Opinion

Why home label brands are good news

In this guest post, Tim Riches reckons that the rise of supermarket home label brands may not be such bad news for established brands after all.

Retailers will always need strong, established mainstream brands to drive sales. The key to survival for manufacturers is to look at the market from the retailer’s point of view. Brand managers must show retailers how their brand can grow a category. Retailers don’t care how your brand might take market share from a competitor’s brand. They are only interested in growing sales volume in each product category.

Brands that can show retailers how they can help them grow a category will always find a home on shelf. You need to find new occasions for your product to grow total sales for retailers, not just your own sales.

Private label brands are thriving in product categories where there is very little consumer-perceived difference between branded products. The most dangerous place for your brand is to be in the middle of your category.

Without a clear product focus and competitive advantage, your brand has a very limited life.

We see this move away from the middle in almost every category. Just look at Australia’s automotive market. Sales of middle market brands like Commodore and Falcon are fading fast. The same thing is happening in nearly every other category from airlines to beer.
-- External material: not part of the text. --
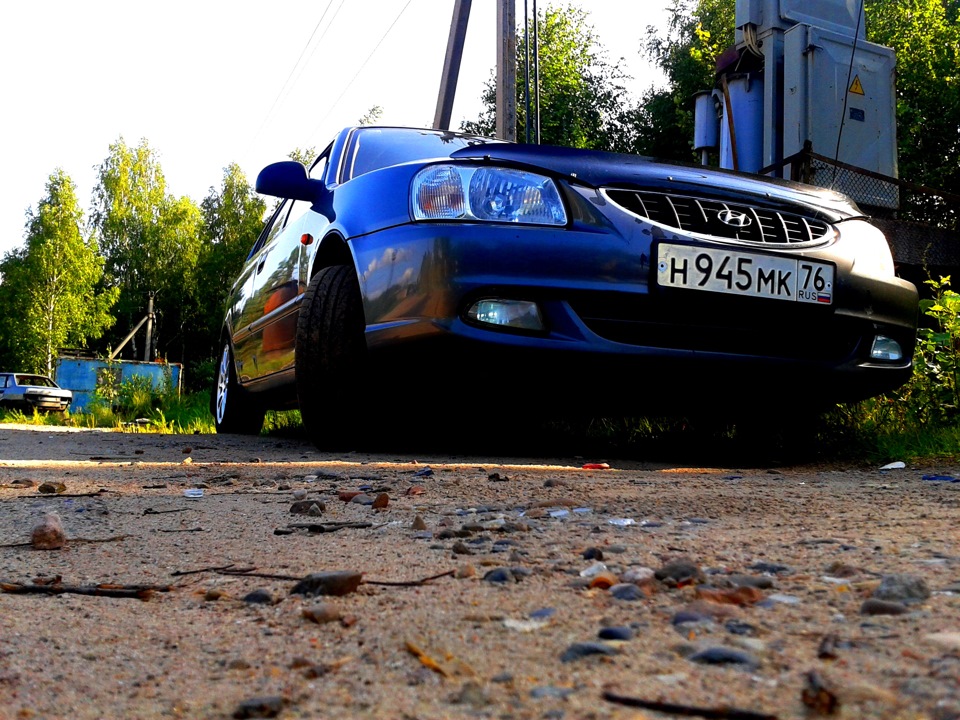 поездка в архангельск, небольшой фотосет) — Hyundai Accent (2G), 1,5 л ...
The rush from the middle to the top or the bottom is best illustrated by the daily fight between one of our most basic consumer good – bread.

At the bottom of the category are the supermarket private bread brands like Coles Smart Buy and Woolworth Homebrand. Brands like Helgas and Abbotts are stuck in the “two for six dollars” cycle. While this gives shoppers an incentive to swap between these brands, it also sets the so-called “normal”  price in peoples’ minds at $3.00 dollars for a loaf.

Towards the top are brands like Burgen, arguably one of the more distinctive and premium  on offer in Australian supermarkets. It continues to do quite well and commands loyalty and price stability from a core of customers who value its point of difference.  Plus, notice how many supermarkets have a Baker’s Delight shop nearby?

At the very top end of the bread brand market is a small number of super premium so-called ‘artisan’ products like Sonoma who sell small amounts at a premium price.

Conventional wisdom, backed up by the research we do, shows nearly all Australian consumers rank their consumer goods into three categories of value – good, better and best.

In the bread brand category, ‘better’ and ‘best’ are dominated by national brands such as Tip Top and Helgas while the supermarket private labels like Coles Smartbuy dominate the ‘good’ category.

Copy-cat private labels are now aggressively targeting the ‘better’ category with new products and branding characteristics that mimic the current leading brands in this sector.

The challenge for these brands in the ‘better’ tier is that for an accessible price they need to stay ahead of the private labels by offering customers more distinctive and valued brands, through tangible product benefits. They need to keep innovating and maintain their clear point of difference to avoid becoming part of the ‘good’ tier.

While manufacturers will bemoan the growing imbalance in their relationship with the retail giants, it’s important to recognise both have very different views of what market success looks like.

Retailers are really only interested in category growth – selling more of every kind of product and taking better margins where they can with private label options and maintaining a position of power with the manufacturer by not letting them dominate and drive the category.

Manufacturers tend to focus on their brands and the competitive share of market that arises from consumer preference.

What manufacturers and retailers both share is a need to understand the consumer – the behaviours people exhibit when choosing in the complex and confusing store environment.

Manufacturers, with their traditionally more detailed understanding of consumer behaviour, brand specific marketing budgets and multinational intellectual property are still best placed to drive innovation in products and marketing. Their challenge is to translate this advantage into tangible benefits for the customer.

Great brands are more significant to customers than private labels and their key to survival is to maintain an intensity of energy and innovation in their relationship with their customers – whether in the ‘better’ or ‘best’ tiers.

A strong brand, a clear pricing strategy and smart merchandising will keep them one step ahead of the copy-cats.

Strong national brands will always excel at creating innovation and excitement while growing new product categories. They will continue to influence the supermarket landscape and product innovation and remain the engine driving the retail market.

These trends show no sign of reversing and consumers will continue to be more selective about what they purchase. The message is clear — companies with strong brands will do best.

Tim Riches is the MD of research consultancy The Leading Edge, which worked with Woolworths until a review was called in November.